De plus, l'Onac disposera de 0,67 millions d'euros pour développer ses actions pédagogiques et de mémoire dans chaque département, à travers des expositions itinérantes, un soutien au CNRD ou encore le financement d'initiatives éducatives ou associatives locales.

Enfin, 2,1 millions d'euros sont inscrits dans le budget pour 2014 afin de soutenir d'autres acteurs publics ou privés souhaitant promouvoir des projets mémoriels. Sont principalement concernées les grandes fondations de mémoire, comme la Fondation de la Résistance ou la Fondation pour la mémoire de la Déportation, ainsi que des collectivités qui seraient désireuses d'organiser des cérémonies, des expositions ou encore de rénover des espaces mémoriels.

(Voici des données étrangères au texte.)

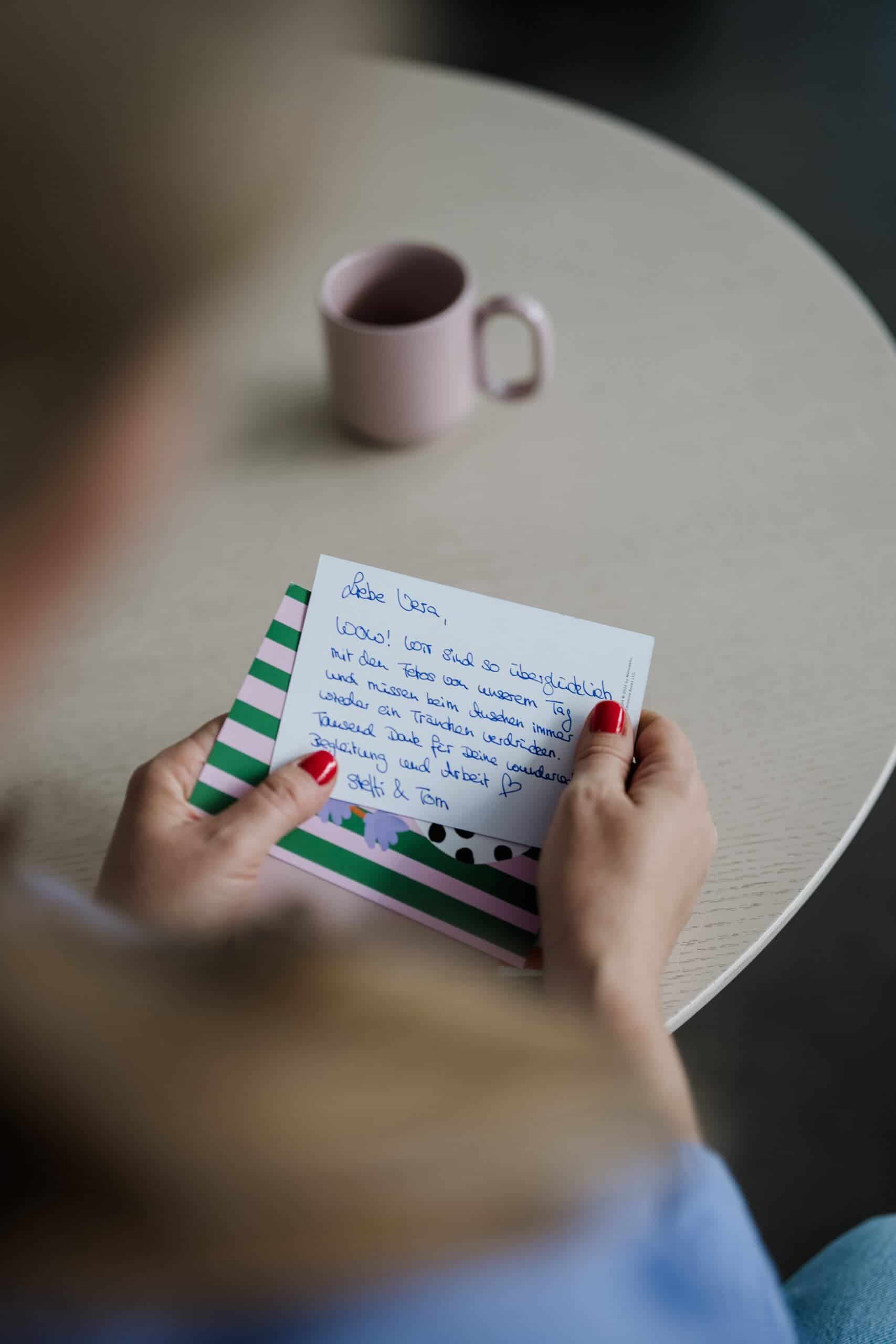 Foto als Link zur Unterseite Testimonials Hochzeitsfotografin Vera blättert durch Fotobuch beim Shooting in Köln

2. Valoriser la mémoire de la quatrième génération du feu

La quatrième génération du feu , celle des Opex, se distingue de celles qui l'ont précédée par ses effectifs, plus faibles en raison de la disparition de la conscription, comme par ses conditions d'engagement. Néanmoins, la reconnaissance de la Nation envers celles et ceux qui en font partie doit de toute évidence être la même que celle qui a été accordée aux poilus, à ceux ayant combattu pendant la Seconde Guerre mondiale ou à ceux ayant servi en Algérie.

La première étape a consisté en l'adjonction 4 ( * ) d'un hommage à tous les morts pour la France à la commémoration, chaque 11 novembre, de l'armistice de 1918.

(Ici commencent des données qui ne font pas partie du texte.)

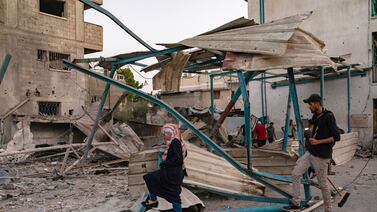 Palestinians survey the damage caused by an Israeli air strike near a UNRWA-run school housing displaced people in the Nuseirat refugee camp in Gaza. EPA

Un rapport demandé en 2011 au général Thorette 5 ( * ) préconisait d'édifier à Paris un mémorial en hommage aux soldats morts pour la France en Opex . 616 étaient recensés entre 1963 et septembre 2011. Depuis cette date, ce bilan s'est malheureusement alourdi en Afghanistan et au Mali, où sept hommes ont perdu la vie durant l'opération Serval. Un budget d'un million d'euros a été inscrit dans la loi de finances pour 2013. S'il a dès l'origine été décidé que ce monument serait édifié place Vauban, à Paris, et qu'il comporterait un volet virtuel, la procédure de sélection des candidatures est encore en cours. Sur les sept projets reçus à la suite d'un appel public à la concurrence lancé en septembre 2012, trois seraient encore en lice et en cours d'analyse.

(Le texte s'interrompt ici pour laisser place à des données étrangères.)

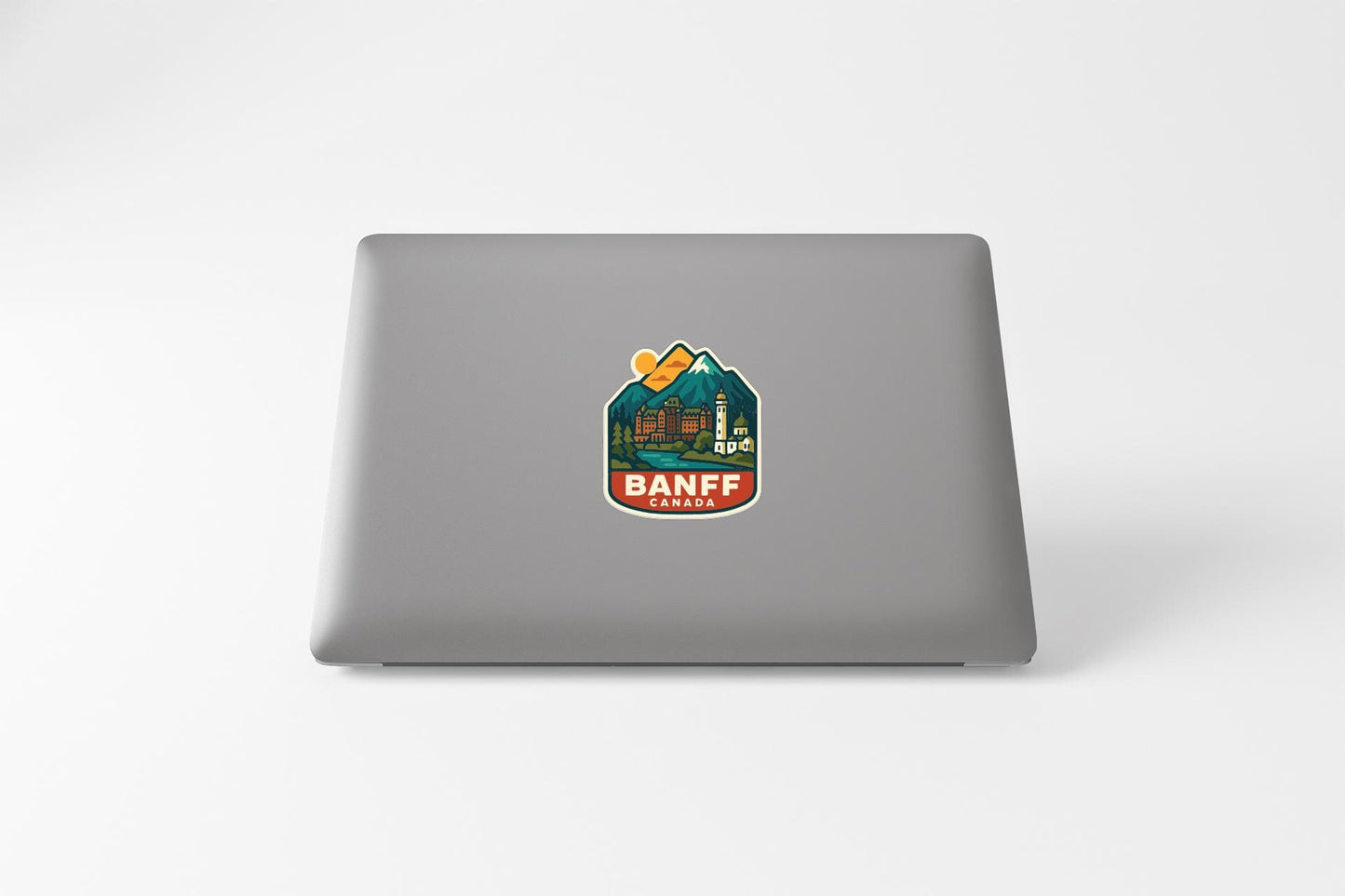 a sticker with a mountain and a city on a laptop.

Lors de son audition par votre commission, le ministre a clairement affiché sa volonté de voir ce projet aboutir . Votre rapporteure s'en félicite. Les crédits nécessaires, qui ne seront pas consommés en 2013, seront reportés sur 2014.

Il est indispensable de voir ce mémorial sortir de terre sans délai, et ce d'autant plus que l'année 2013 a été marquée , le 23 octobre dernier, par la commémoration du trentième anniversaire de l'attentat du Drakkar , à Beyrouth, qui coûta la vie à 58 soldats français. Principale forme d'engagement de l'armée française depuis maintenant plus de cinquante ans, les Opex sont , à travers de tels événements, entrées dans la mémoire collective française et ne sont plus un phénomène ponctuel. Le Gouvernement en a conscience et votre rapporteure espère que la mémoire des femmes et des hommes qui y ont participé constituera bel et bien une priorité de son action jusqu'au terme de la mandature.


* 2 Loi n° 2012-1361 du 6 décembre 2012 relative à la reconnaissance du 19 mars comme journée nationale du souvenir et de recueillement à la mémoire des victimes civiles et militaires de la guerre d'Algérie et des combats en Tunisie et au Maroc.

* 3 Loi n° 2013-642 du 19 juillet 2013 relative à l'instauration du 27 mai comme journée nationale de la Résistance.

* 4 Loi n° 2012-273 du 28 février 2012 fixant au 11 novembre la commémoration de tous les morts pour la France.

* 5 Rapport du groupe de travail « Monument aux morts en opérations extérieures », sous la présidence du général d'armée (2 e section) Bernard Thorette, septembre 2011.